It hasn’t been easy goal, as a lifelong night owl, with an average bed time of 1am, to switch. In fact its been painful and extremely taxing to my willpower. I have thrown every reason and excuse at myself to not get out of my warm bed and for the last 28 mornings I have been up on my feet to greet every 6am. Every morning I have meditated, exercised, worked and increased my day with improved productivity, focus and satisfaction. I can see that becoming a morning person will, for me, change my life.

My decision today on day 29 should have sucked. And would have, if hadn’t consciously decided to be kind on myself, choosing to sacrifice what I wanted for something greater. So rather than go back to the beginning and restarting or even worse, quitting. I’ve counted today as a (necessary) blip.

It was a conscious choice after repeating schedules of four nightshifts, three manic dayshifts and another repeat cycle looming. No down time, little sleep, my head and body in chaos and exhaustion levels, well exhausted. The early life of bootstrapping a company and holding down a full-time job is not glamorous or enviable by any stretch of my imagination. And when my alarm went off at 0550 this morning even though I knew there was only two more days to win my goal. I choose happily to turn off the alarm and go back to sleep.

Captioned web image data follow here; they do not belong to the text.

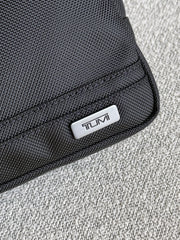 detail-depan-TM-Medium-Kit-Silver-Hardware-Pouch-Black-balilene
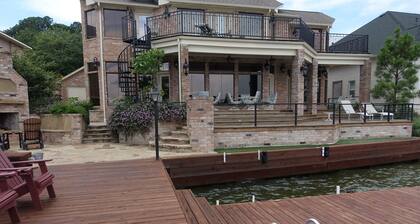 Beautifully renovated retreat on the lake shore
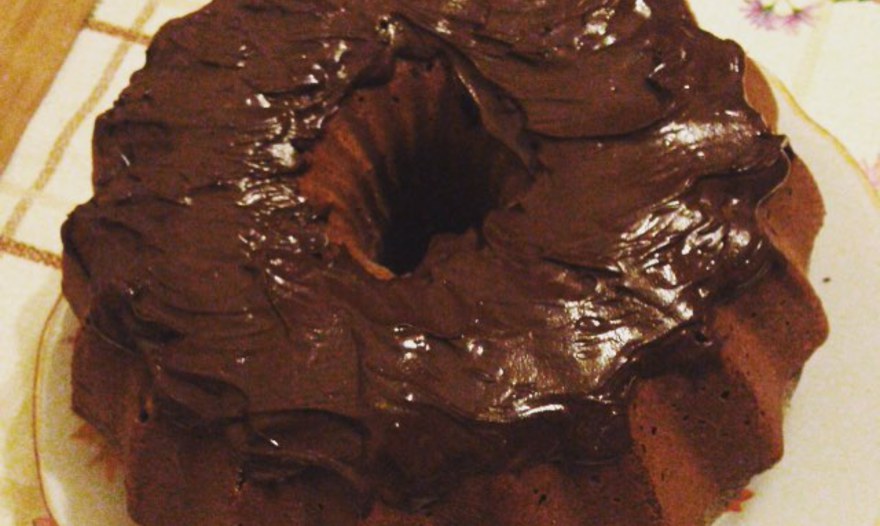 Шоколадный кекс с красным вином, фундуком и апельсиновыми цукатами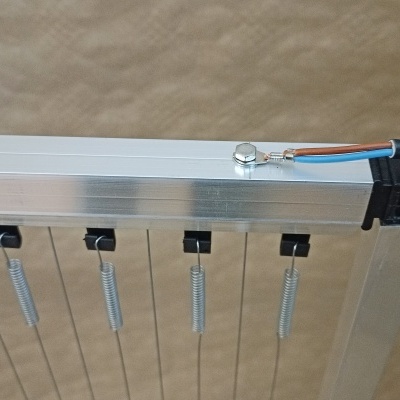 Estrutura metálica com molas suspensas e cabo elétrico com fios expostos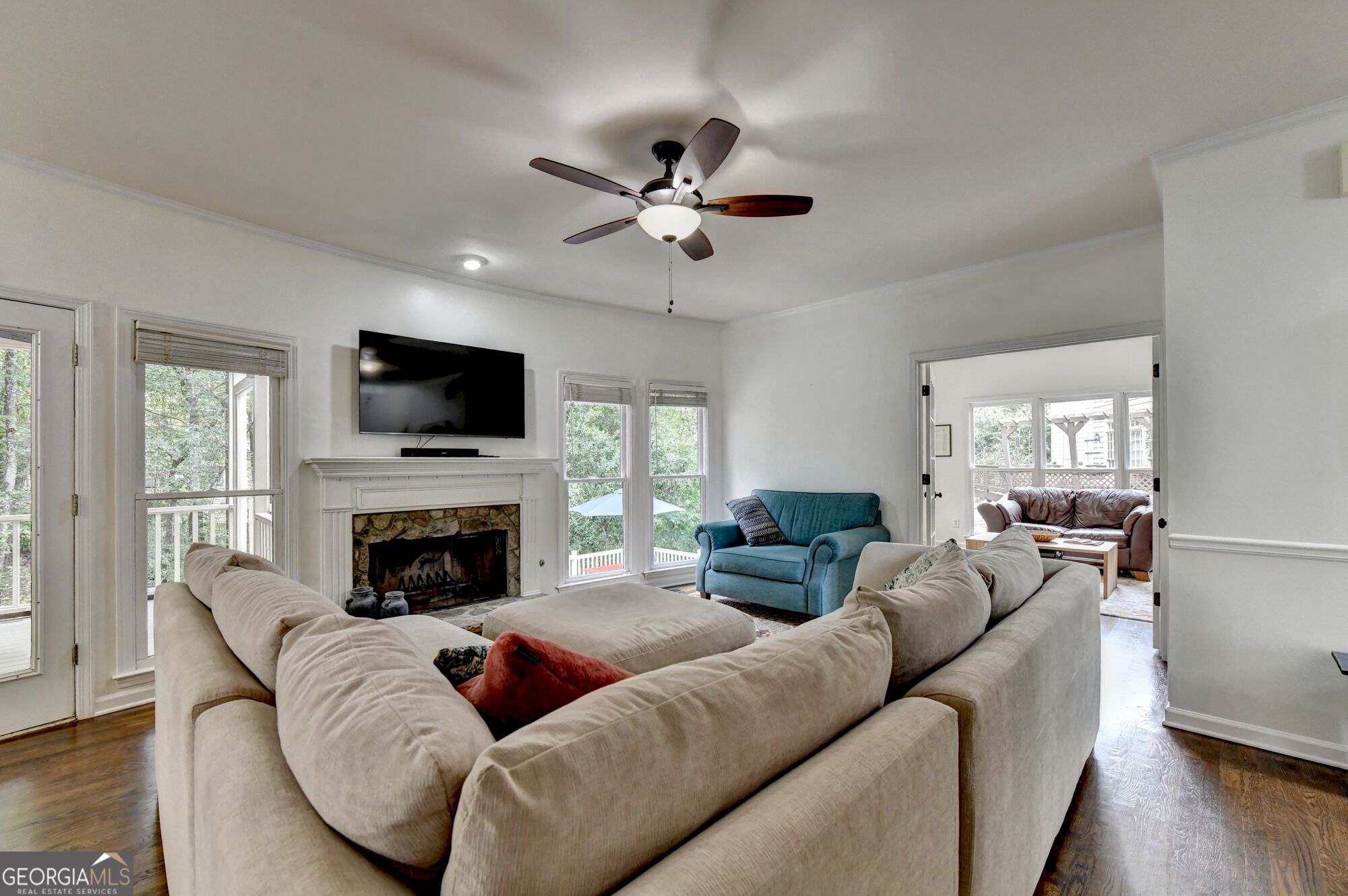 4410 Landover Way Property Photo 3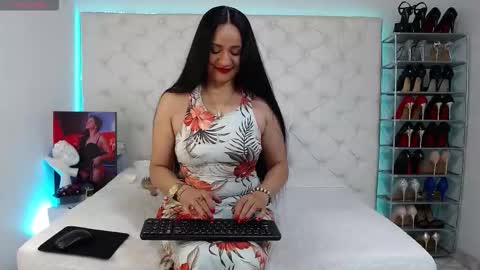 Snapshot of yury_m2_ chatting on 10-15-25, 03:17    2  online show from 10-15-25, 03:17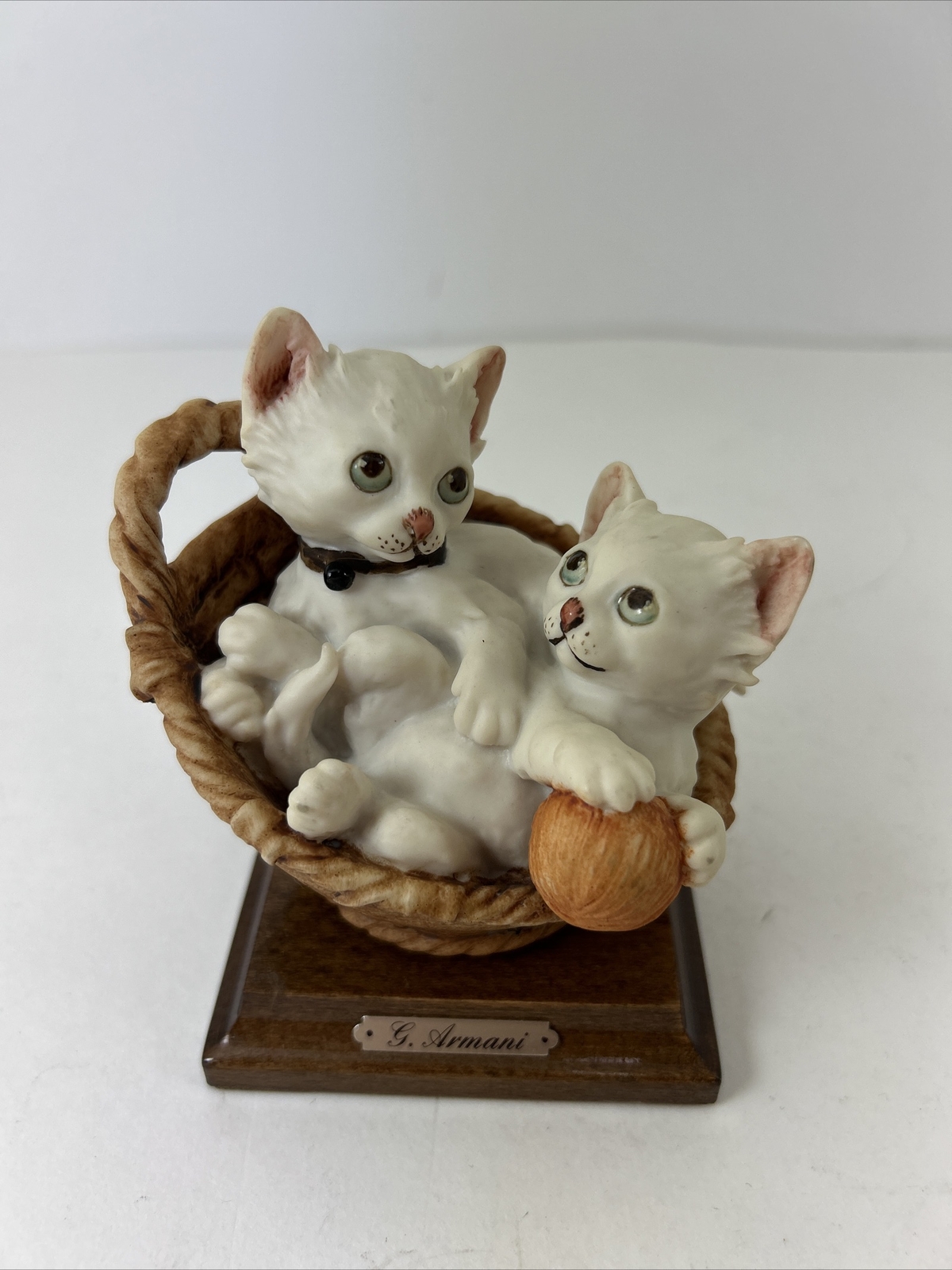 Giuseppe Armani Porcelain White Kittens Sculptures Florence Figurine Italy 1984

I awoke much later at 1300 and instantly that insidious cruel chat in my head turned in on itself. Words like excuse, always, failure, pathetic, weak, etc. were to be faintly heard. But I chose to take a different perspective and focus on the fact that sleeping like the dead for twelve hours and waking up, feeling that transparent faded version of myself was back in full block colour. This means my decision was the right one. It was not weak or a failure to look after my mental and physical health.

Now, I can continue with the goal renewed and keep going for another 30 days. Had I not rested I could have reached my goal. I could have dragged my sorry exhausted arse across the finish line and chalked it up to an achievement won but not to be attempted again.

Doing what you need to do for the best outcome means being kind to yourself and sometime flexible on the original plan. The checkpoint or goal is is not so enjoyable if you have killed yourself getting there and unable to get to the next one. Focus on the longer term goal means adjusting the path to ensure a holistic best outcome.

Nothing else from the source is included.